Creating strategic alliances to combat crime
A task force is an important weapon in the law enforcement arsenal — one key to a successful task force is writing a well-crafted Memorandum of Understanding
Task forces are a powerful crime-fighting tool, maximizing the resources of local, state, and federal law enforcement as well as the prosecutive efforts of the District Attorney’s office and the United States Attorney’s Office. There are tremendous benefits in formulating and participating in a task force, but like in any relationship, good communication is a key component of success.
The benefits of a task force include the ability to select the most advantageous federal or state laws under which to pursue prosecution. For example, the federal system has the Racketeering Influenced and Corrupt Organizations (RICO) act, which results in lengthy minimum sentences and asset forfeitures. With a task force, it can be determined which venue is most likely to result in a substantial sentence.
As we know, there are investigative techniques specific to local, state, and federal law enforcement officers. Task force members can select those investigative techniques which are likely to produce the best results. For example, state and local officers can conduct traffic stops to obtain additional information on a subject, or a uniformed officer can purport to be investigating a traffic accident. Federal agents have the use of a Federal Grand Jury and are able to obtain information from a Federal Grand Jury subpoena, rather than having to obtain a full-fledged state search warrant. If a search warrant is required, a state search warrant can typically be obtained more quickly than a federal warrant. Also, it usually takes much less time to obtain approval for a state pen register than does a federal pen register.
Federal agents have more leeway to detain subjects. Federal grants and funding can benefit officers in providing the money for training, equipment, etc. Local partners are likely to benefit in the receipt of vehicles, cell phones, overtime, and federal asset forfeiture statues.
The potential negative impact of a task force includes the inevitable learning curve as federal officers learn state laws and procedures and local officers learn the federal system and paperwork. Considerable cross-training is required. This could become a benefit as the officers and agents learn additional tools and venues to assist with investigations. There will likely be differences in tactical procedures and techniques. Federal agencies will likely require a Security Clearance at least at the Secret level prior to permitting task force member’s unescorted access to office space. Security clearances can take months to obtain.
Prior to creating a task force, it is imperative that a Memorandum of Understanding (MOU) is drafted and approved by all participating agencies. The MOU should contain a mission statement, as well as information about the purpose, composition, duration, operation and other important components. Here we examine some of the ingredients to include in your MOU. What would you include? Add your comments and ideas below.

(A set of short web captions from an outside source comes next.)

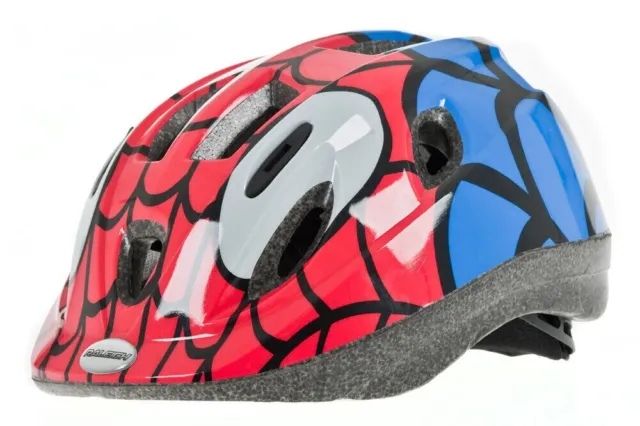 Spiderman Bike Helmet Raleigh Mystery Boys Kids Helmet 48-54cm Blue Red + Light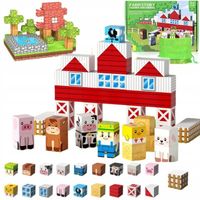 KLOCKI MAGNETYCZNE SZEŚCIANY 108 SZT FARMA KLOCKI PIKSELE KONSTRUKCYJNE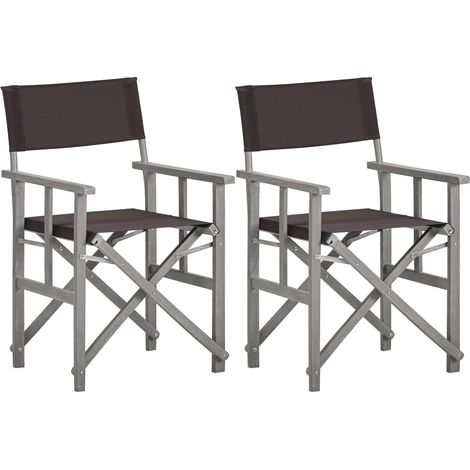 Sillas de director 2 unidades madera maciza de acacia vidaXL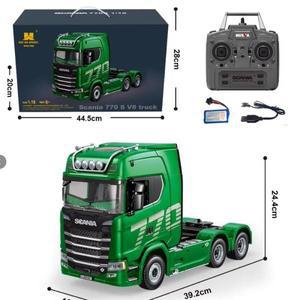 후이나 1/18 스케일 19채널 RC 트럭 770s 스카니아 합금 트랙터 리모컨 엔지니어링 트레일러 장난감 라이트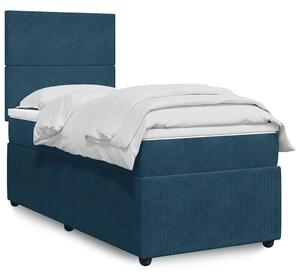 Box spring krevet s madracem tamnoplavi 90x200 cm baršunasti - Plava / 90 x 200 cm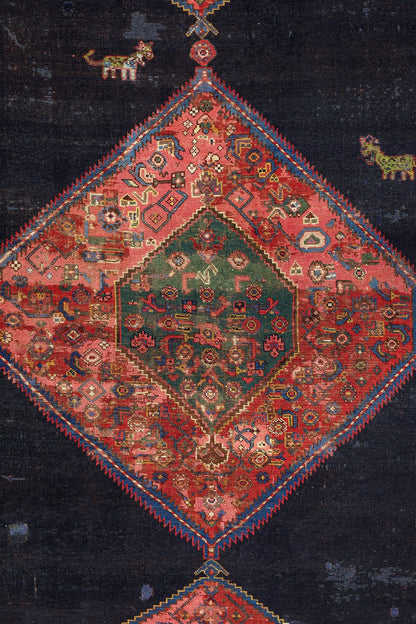 Vintage Kurdish Handwoven Tribal Rug, J80919
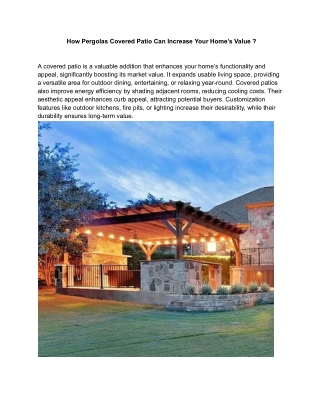 How Covered Patio Can Increase Your Home’s Value ?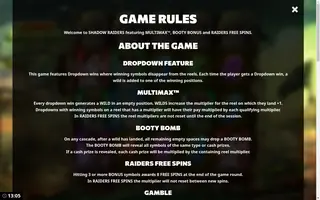 Shadow Raiders MultiMax – Game rules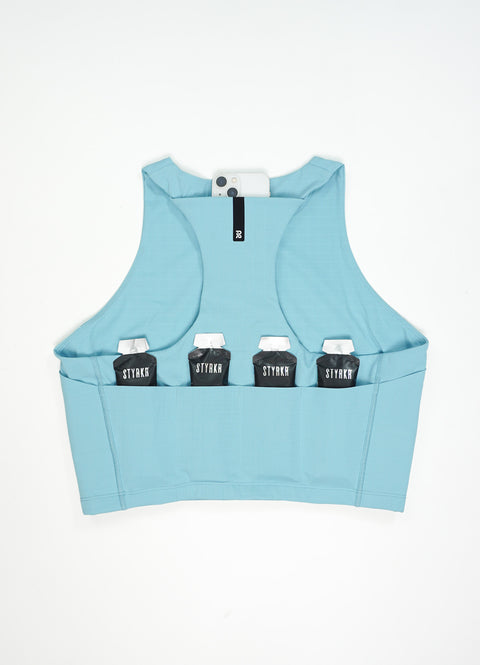 Bandit Running: Gridlock Race Crop - Vintage Blue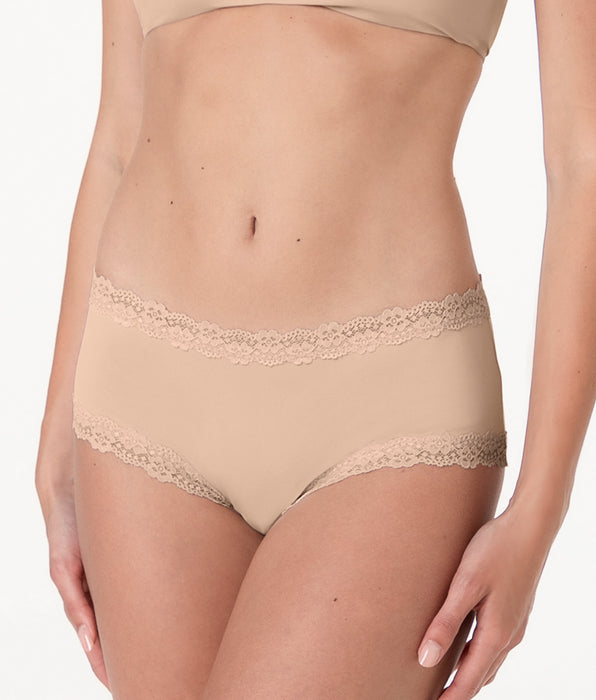 Lovable Lacy Micro Culotte in Microfiber with Lace, nude
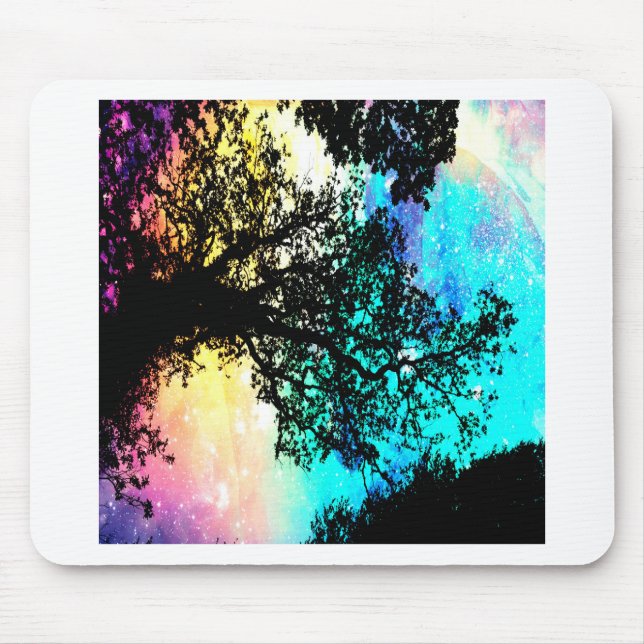 Black Trees Colorful Space Mouse Pad (Front)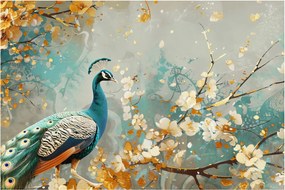 Obraz - Páv so zlatým dekorom (90x60 cm)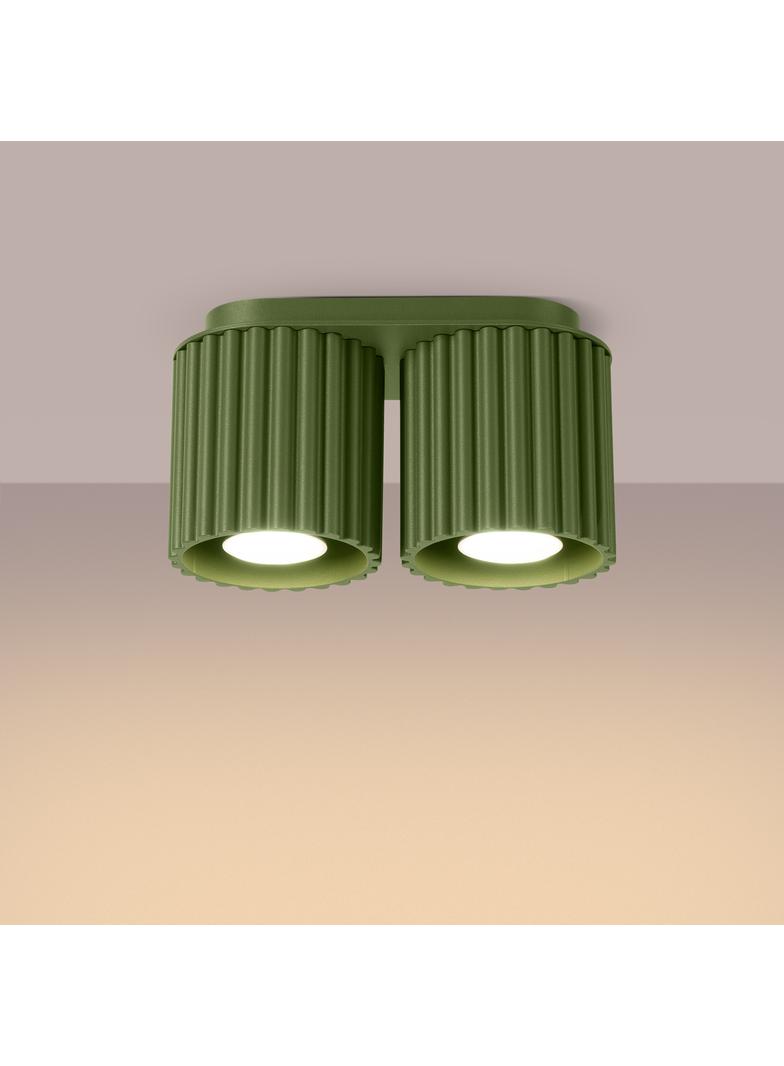 SOLLUX Plafon AURA 2 zielony oliwkowy GU10 ; SL.1795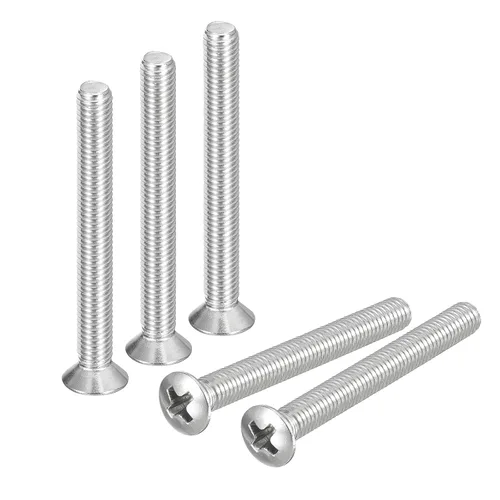 Vista 10 de uxcell Tornillos de máquina Phillips de cabeza ovalada M4x8mm, 50pcs 304 tornillos de cabeza avellanada ligeramente levantados de acero inoxidable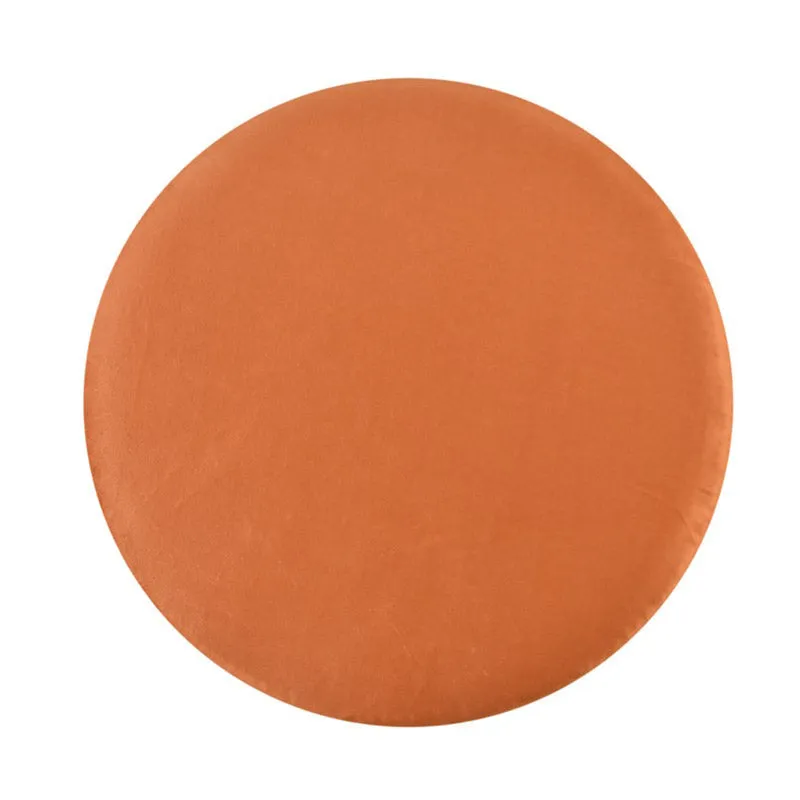 Classic Solid Velvet Ottoman - Orange media 5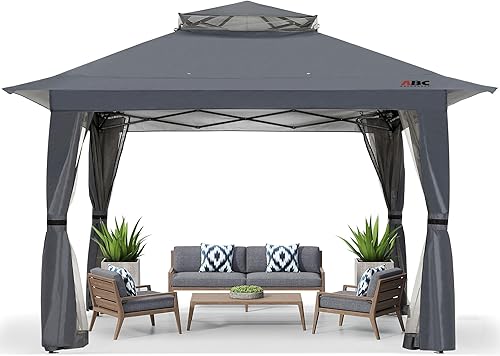 ABCCANOPY Cenador desplegable de 13 x 13, tienda de campaña para exteriores, refugio con mosquitera para patio, jardín, patio, fiesta, campamento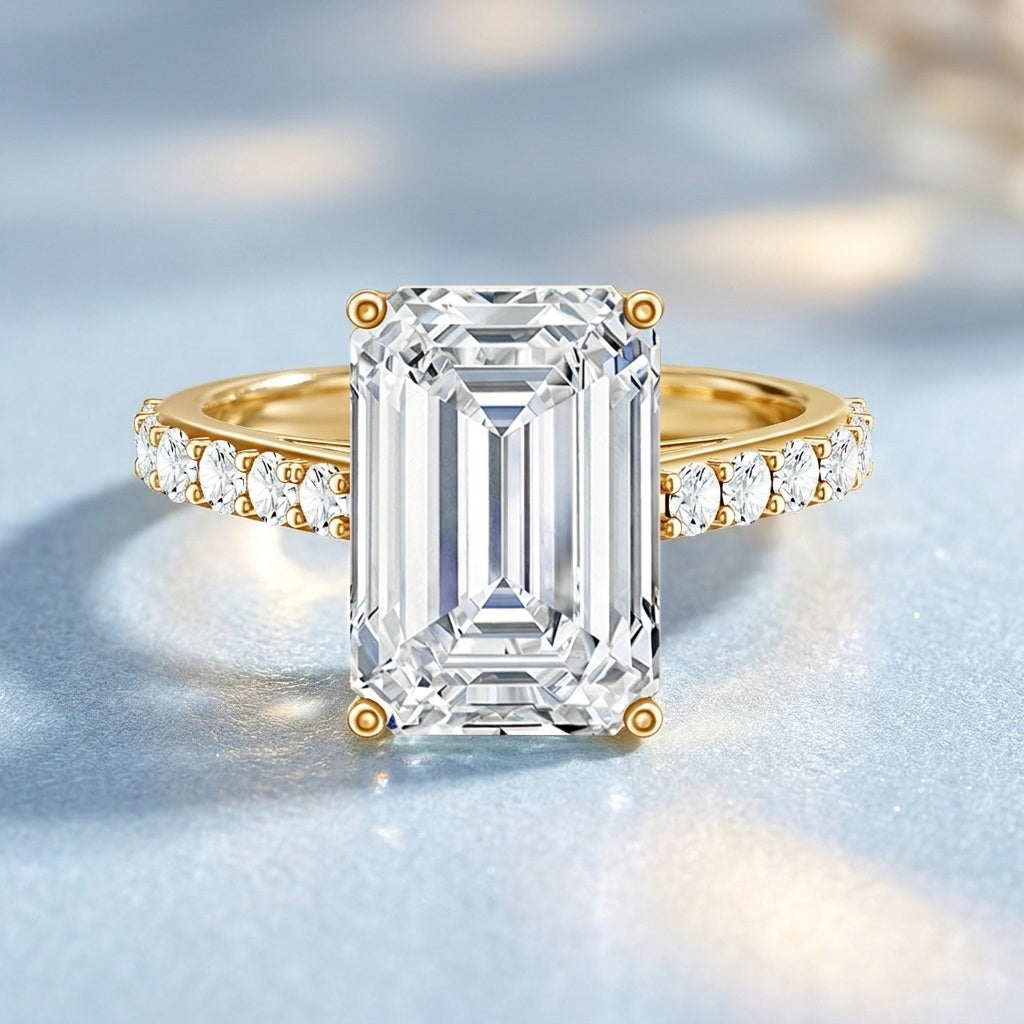 IGI Certified 4 Carat Emerald Cut Lab Grown Diamond Engagement Ring with Hidden Halo Lab - ( E-VS1 ) - Rosec Jewels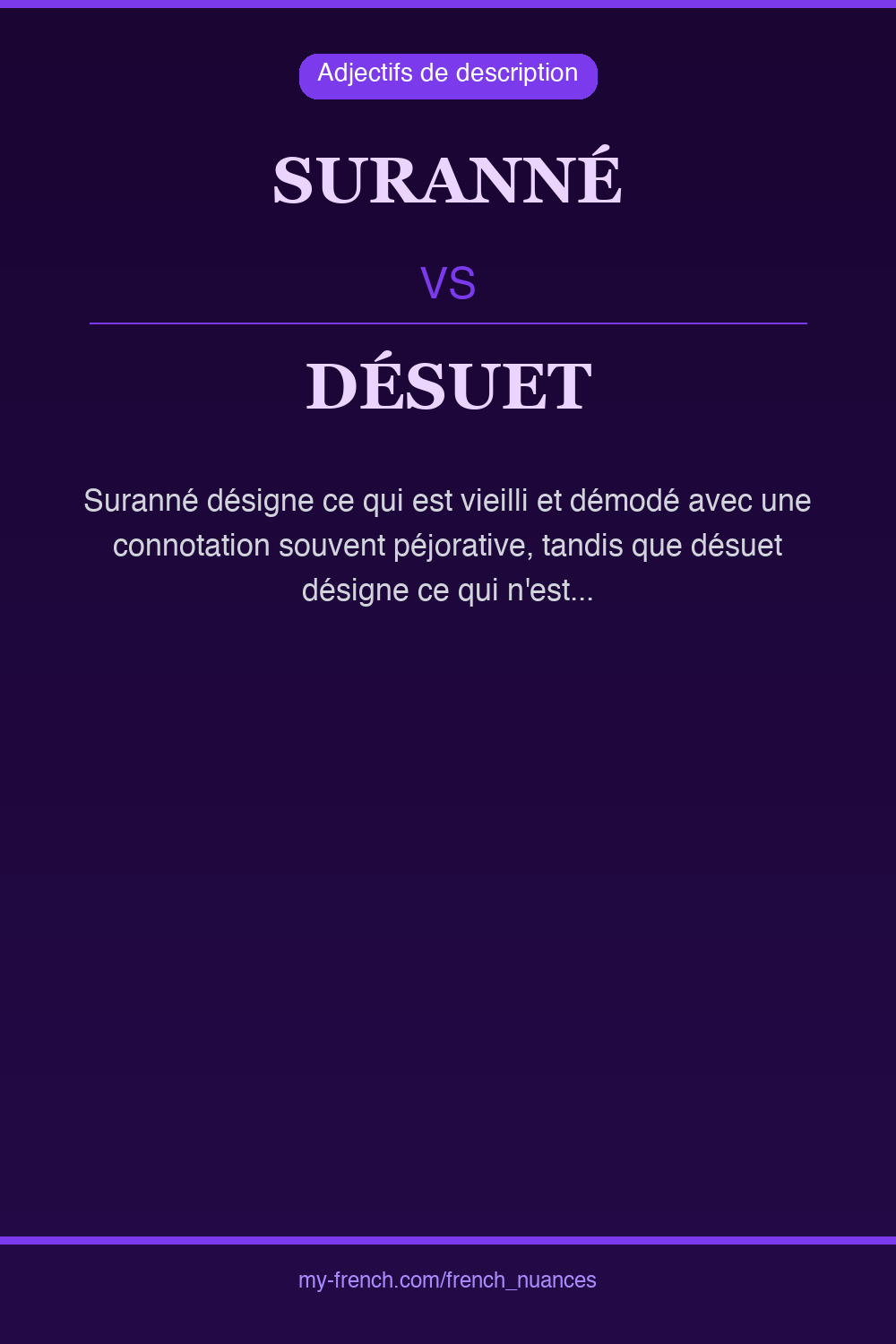 Nuance : suranné vs désuet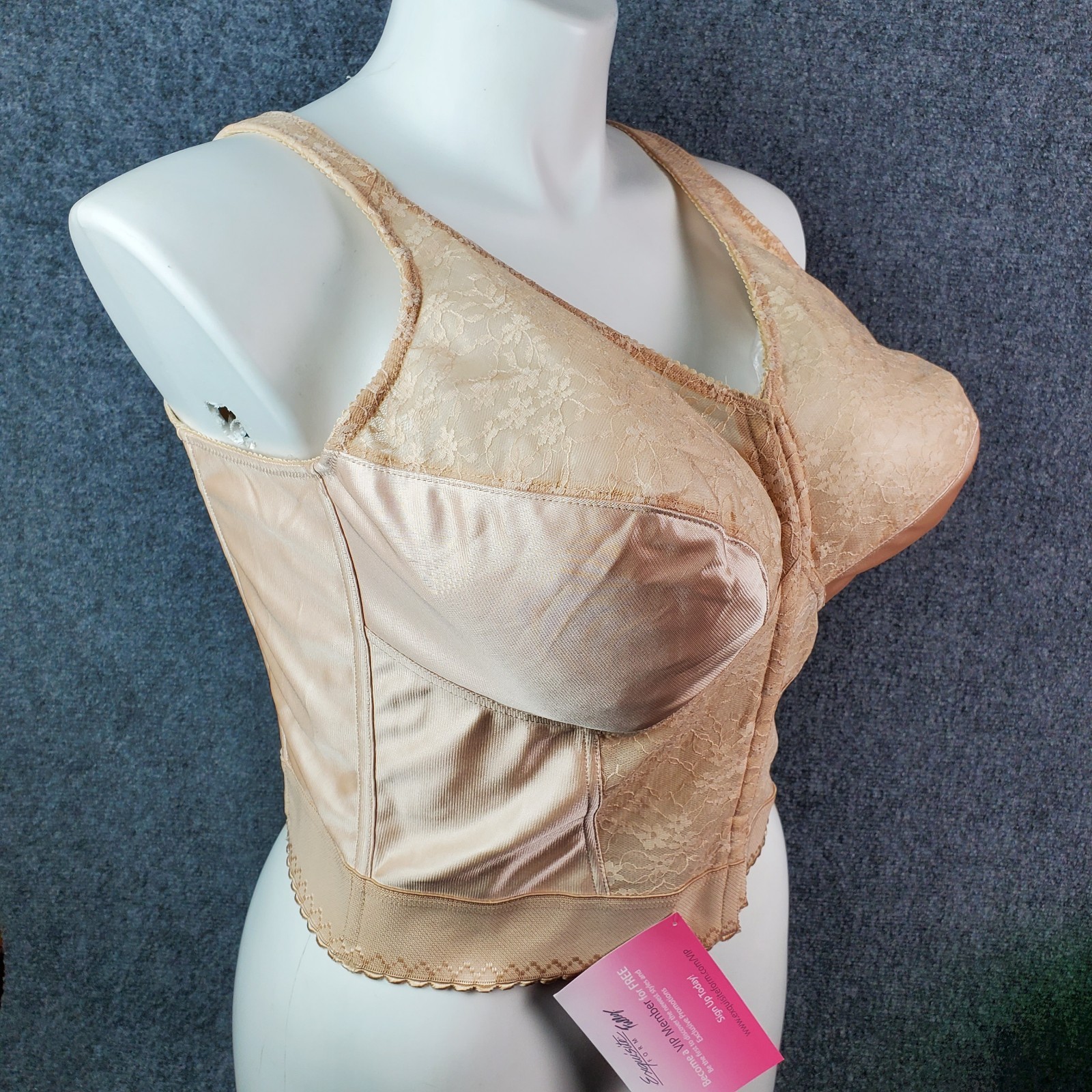 VTG Long Line Bullet Bra Corset Bustier Cincher Shaper 40DD Pin Up Lingerie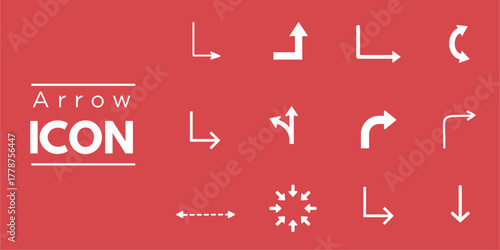 Hand drawn arrow icon set white curved direction symbols on dark background vector illustration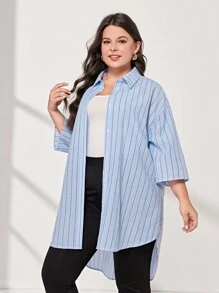 Mulvari 大碼條紋印花落肩袖高低下擺襯衫 - 淺藍色 - 查看 1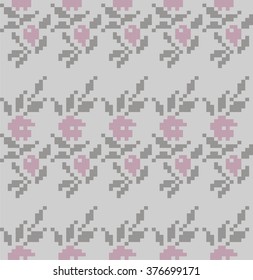 Seamless pattern for knitting and embroidery cross-stitch (flowers, leaves, berries) 
Flowers in the summer garden ornament. Beautiful pastel color romantic texture.  Pixel art - stock vector 
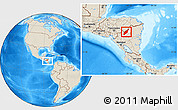 Shaded Relief Location Map of Wiwili, highlighted parent region, within the entire country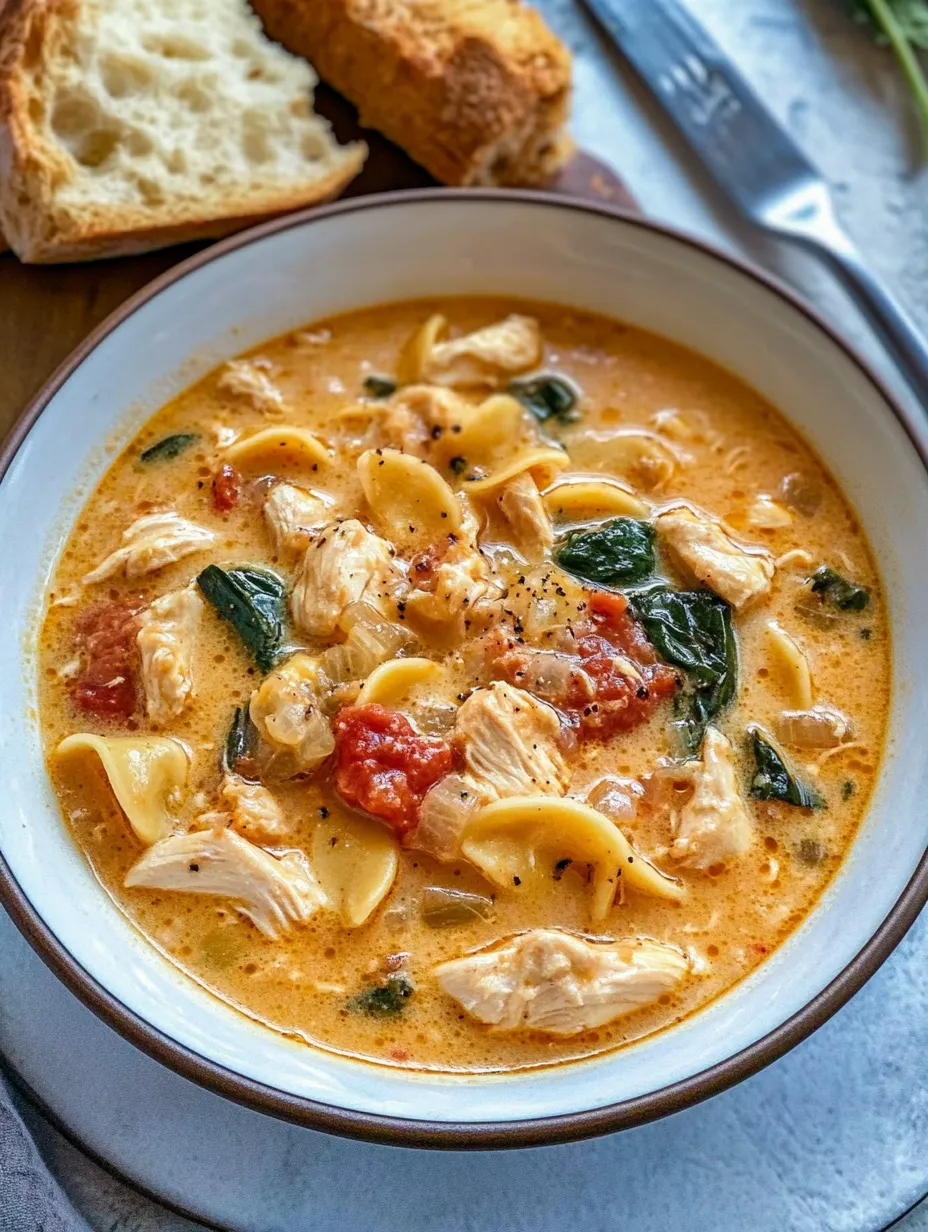 Un plato de sopa cremosa toscana de pollo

Composition and Supervision
It is imperative that the team include strong representation from the local United States Attorney’s Office and District Attorney’s Office to ensure all applicable laws and guidelines are followed in the preparation of cases. Active involvement from our legal partners from the outset optimizes prosecutive results.
Supervision of the task force must be determined. An individual serving in a team leader capacity should have the authority to initiate investigations, assign cases, and handle day-to-day supervisory responsibilities. Typically, each agency maintains overall responsibility and performance evaluations of its personnel.